Pop culture and war. The Palestinian struggle.
Pop culture has permeated our imagination for a long time. On the screens of our smartphones, images of faraway conflicts overlap with song videos, weird group dances, fashion items, and angered politicians whose body language resembles action movies. Pop and violence combined have proven to be quite successful. The quantum leap was reached once Pop language started the storytelling of wars. We almost expect a fitting music soundtrack to make those strong images stick to our minds.
On the other hand, war uses pop vocabulary to make itself understood and, most importantly, visible. Lately, it happened with the videos that Hamas terrorists took of the hostages they kidnapped during the attack they launched on October 7th, 2023. The background desert and the motorbike escape evoked cowboys and on-the-road trips. The kidnappers intended to deliver a high-octane message to the world: the Palestinian cause was back, and no one would dare to ignore it again. Ever. To make that message resonate all over the planet, perhaps unconsciously, Hamas chose the visual language of Quentin Tarantino’s films. That way, the World would have watched. And listened.
I traveled to Israel some years ago and saw Banksy’s murals in Bethlehem, on the Israeli-West Bank barrier. Magnificent murals that were screaming the decades-old pain of Palestinians.
The paintings reminded me of Belfast in the 1990s, not just because of Banksy’s Britishness. Scenes of bomb explosions, arrests, weapons, and the sorrow that follows loss were made even more striking by vibrant colors. A visual language as old as Warhol’s Campbell’s Soup Cans evolved to express Palestinians’ hate towards injustice. Writings in English, French, Arabic, and Hebrew were part of the artwork. Dramatic phrases such as “We can’t live, we are waiting for death” or “A country is not what it does, but also what it tolerates” appeared like billboards on the highway. Pop culture talks directly. No filters are required. Conceivably, we must see these stories represented as comics to realize they are real. A mural showed a giant insect knocking down concrete slabs one by one as if they were obstacles to overcome to pass the next level of a video game. In another painting, teens throwing hand grenades reminded me of cartoon heroes, and a poster-like image of Leila Khaled, responsible for two airplane hijackings in 1969 and 1970, makes us think of a style icon in Kefia and Kalashnikov.
Images become even more powerful when ancient emblems are combined with modern iconography.
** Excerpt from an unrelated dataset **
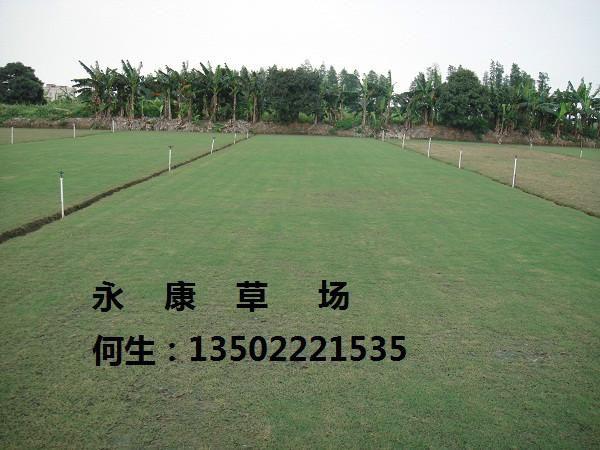 供應廣東中山永康草場*草物美價廉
A little further on the wall was a photo of Abu Mazen with what seemed an agreement in his hands. Next to him was a white dove in flight, carrying an olive branch in the beak. The dove wore a bulletproof vest. Or maybe a bomb. It brought back to my mind the suicide bombers who blew themselves up on buses in the 1980s. On the chest, the sign of a sniper scope. A Welcome to Bethlehem sign and an advertisement about fine jewelry and olive wood carving stood beside it. The symbolism of the big picture was dense. Hollywood movie language mixed up with the Old Testament and the Holy Ghost. The olive branch referred to Noah’s understanding that land was near. In Rome, Early Christians used the symbol of a bird with unfolded wings in catacombs to represent the soul’s journey to heaven. I wonder if Banksy knew this when he painted it. He probably did. It also made me think of the paradise promised to jihad martyrs.
Hamas’ videos and the barrier murals aim to communicate, with different outcomes, that Palestinians exist despite everything. The videos glorify war—a sort of Pulp fiction propaganda. The paintings are an expression of the self—the voice of a people. Pop language serves to make the message sound like a scream, not to overhear. A music track blasting from speakers like the ones that must have been at the rave party in the Negev desert. Loud. Devastating. Impossible to forget. As well as the screams of the victims.
They also talk about, although maybe not featured, the yearning for a home. The home that Palestinians don’t have, incarnated by the key that families have hanging on the wall, from the houses they lost in 1948 but never left. A grief that reminds me of the un-plastered walls that are found in Jewish homes around the world, symbolizing the Temple’s destruction in Jerusalem. Practices that were oddly similar for two populations in eternal conflict.